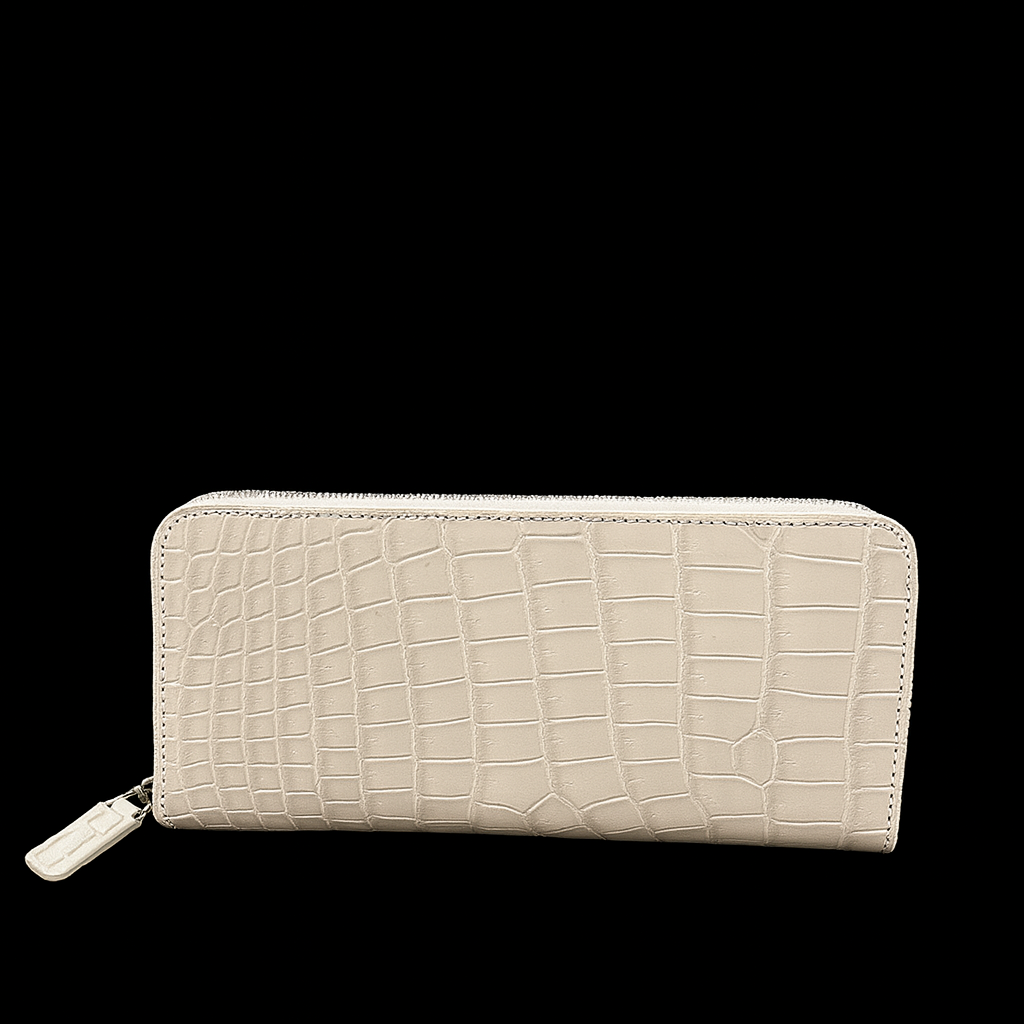 BEIGE CROCODILE LEATHER LONG WALLET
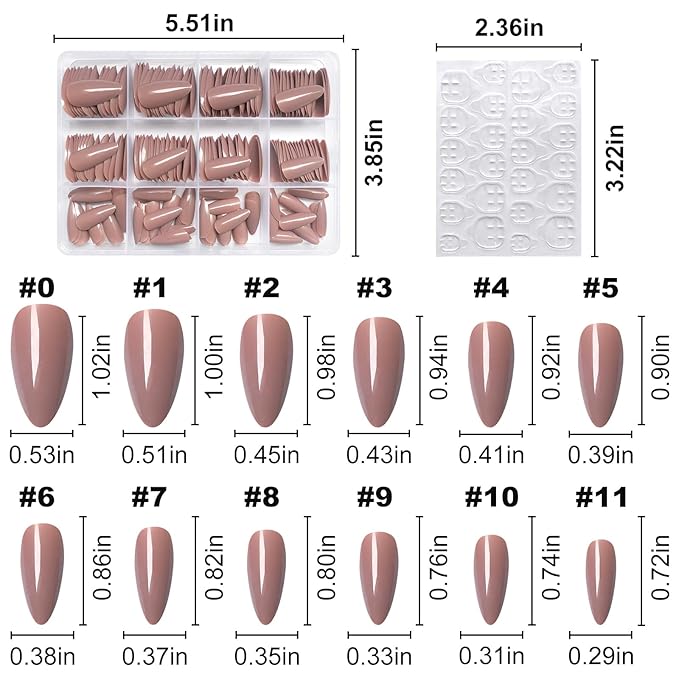 LoveOurHome 240pc Almond Press on Nails Medium Fake Nail Tips Brown Acrylic Nails Press ons Nail Almond Short Stiletto False Nail French Artificial Fingernail & Adhesive Tabs Glue for Women Girls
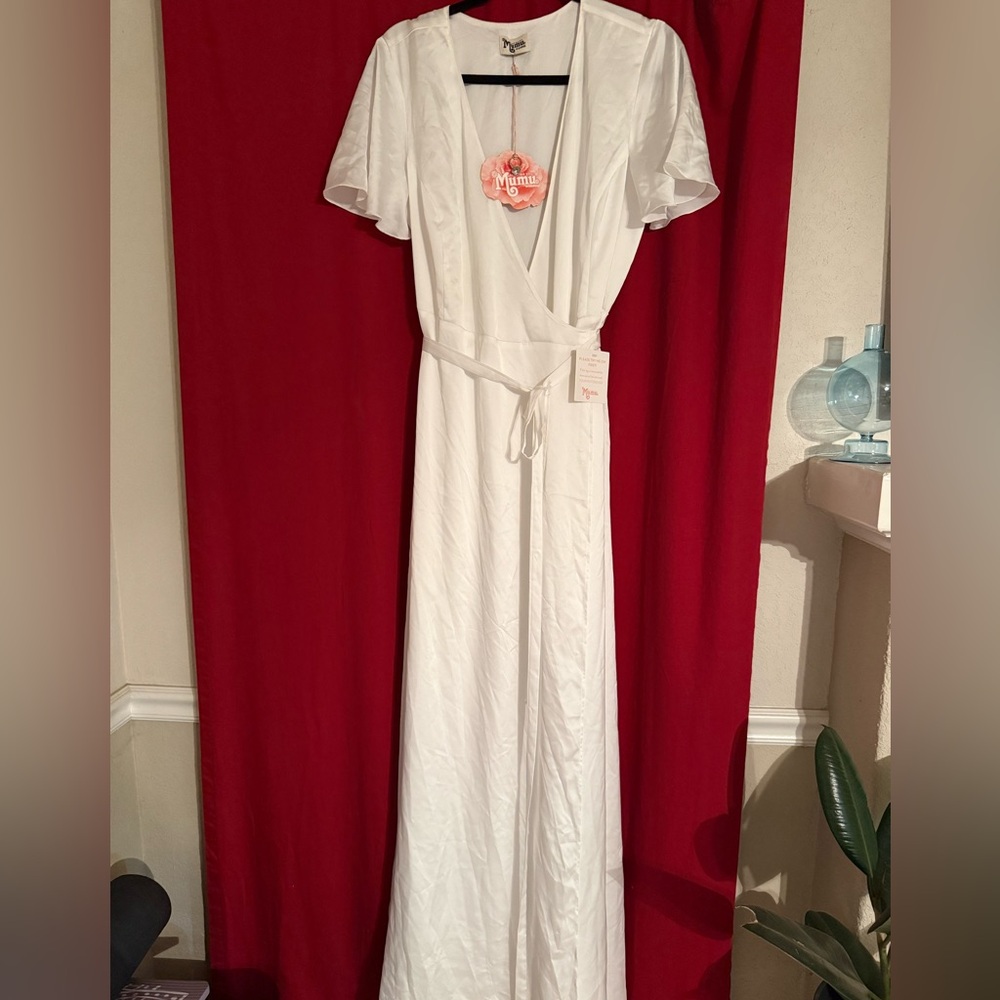 Show Me Your Mumu / White Satin Wrap Dress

What the task asks: The response must repeat all the lines above exactly and include no pictures.

Answer box:
 BEIGE CROCODILE LEATHER LONG WALLET
 LoveOurHome 240pc Almond Press on Nails Medium Fake Nail Tips Brown Acrylic Nails Press ons Nail Almond Short Stiletto False Nail French Artificial Fingernail & Adhesive Tabs Glue for Women Girls
 Show Me Your Mumu / White Satin Wrap Dress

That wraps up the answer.